• [TASK STATEMENT] Reproduce the entries beneath exactly, without their images.

(Brief descriptive captions)

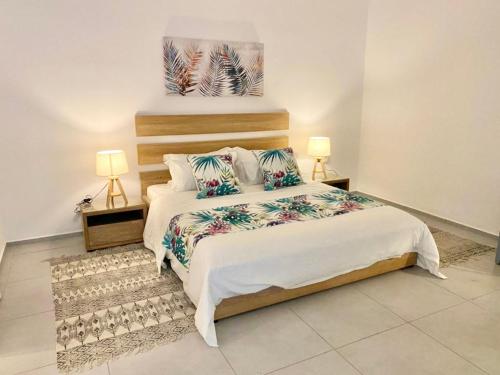 een slaapkamer met een groot bed en 2 lampen bij Luxury beach house with spectacular sea view and pool in Trou aux Biches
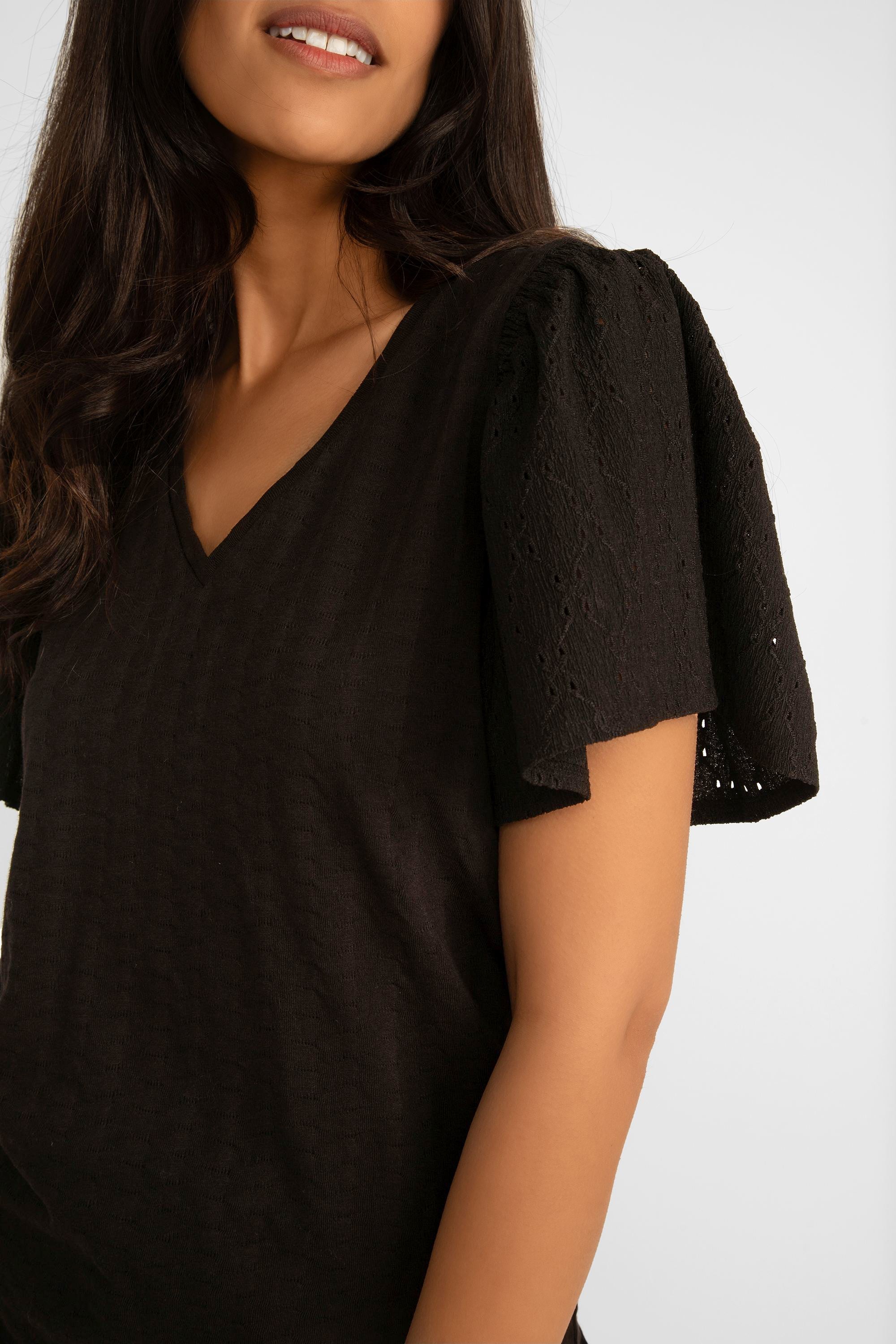 Close up of flounces sleeves on Garcia (P40209) Women's Textured Short Flounce Sleeve Top with V-neck in Black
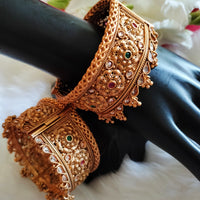 B0281_Grand broad style Ethnic screw design bangles with delicate work with a touch of ruby and american diamond stones along with bead drops.
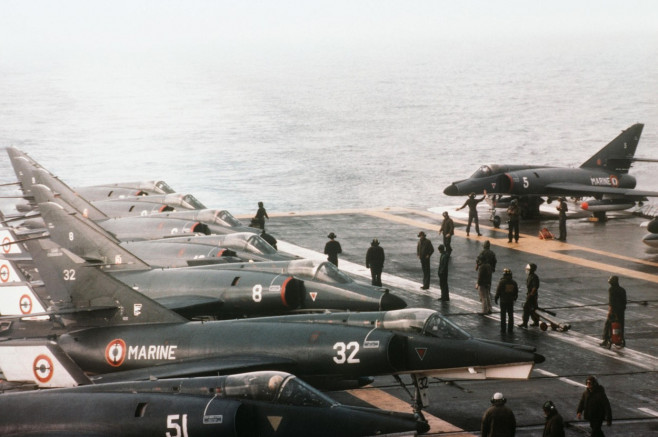 A group of Super Entendard aircraft line the aft flight deck of the French aircraft carrier FOCH (R-99). The FOCH is deployed off the coast of Lebanon. %%C3%%89tendard IVM and Super %%C3%%89tendard aboard Foch (R99) 1983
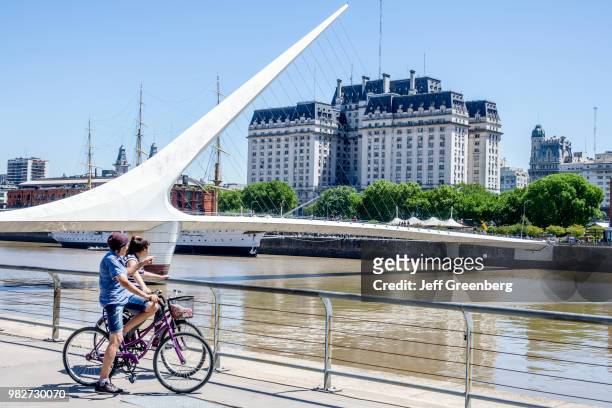 Teen girls on bicycles on the Puente De La Mujer, pedestrian suspension swing bridge.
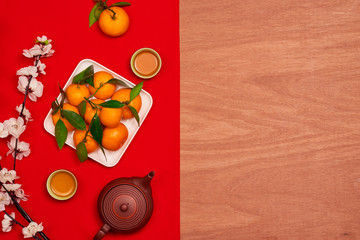 Overhead of top decorations Chinese New Year festive background concept.Mix variety essential accessory on modern grunge brown table house office desk.Other language mean rich or wealthy and happy.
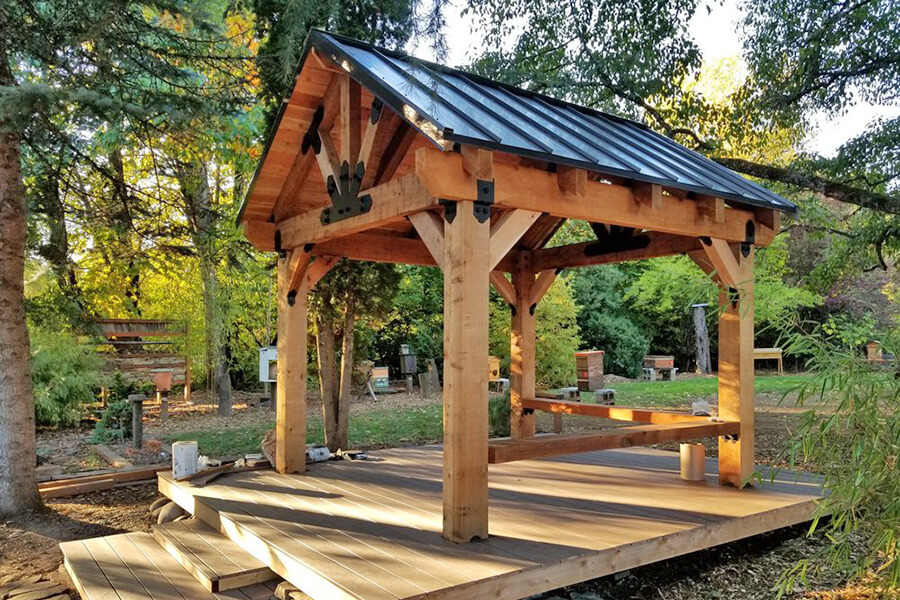 Photo of a wood pergola with a metal roof set on a wooden deck.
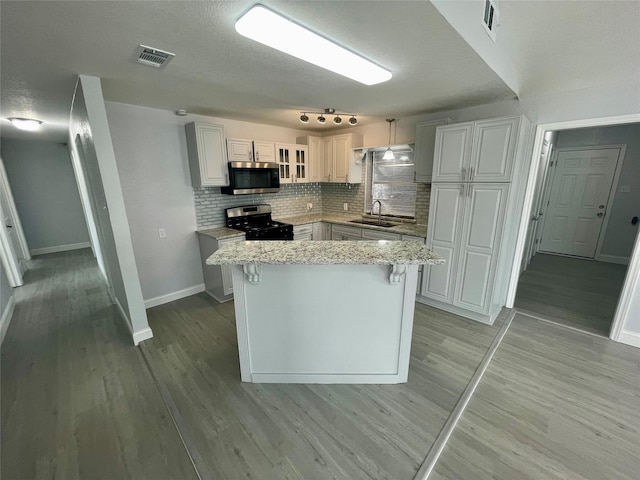 kitchen with a sink, visible vents, light wood-style floors, stainless steel microwave, and gas stove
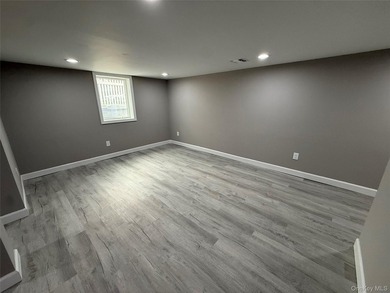 Beautifully renovated 4-bedroom, 2-bath home in Bay Shore - photo 17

• [RESPONSE]
 een slaapkamer met een groot bed en 2 lampen bij Luxury beach house with spectacular sea view and pool in Trou aux Biches
 Close up of flounces sleeves on Garcia (P40209) Women's Textured Short Flounce Sleeve Top with V-neck in Black
 B0281_Grand broad style Ethnic screw design bangles with delicate work with a touch of ruby and american diamond stones along with bead drops.
 A group of Super Entendard aircraft line the aft flight deck of the French aircraft carrier FOCH (R-99). The FOCH is deployed off the coast of Lebanon. %%C3%%89tendard IVM and Super %%C3%%89tendard aboard Foch (R99) 1983
 Teen girls on bicycles on the Puente De La Mujer, pedestrian suspension swing bridge.
 Overhead of top decorations Chinese New Year festive background concept.Mix variety essential accessory on modern grunge brown table house office desk.Other language mean rich or wealthy and happy.
 Photo of a wood pergola with a metal roof set on a wooden deck.
 kitchen with a sink, visible vents, light wood-style floors, stainless steel microwave, and gas stove
 Beautifully renovated 4-bedroom, 2-bath home in Bay Shore - photo 17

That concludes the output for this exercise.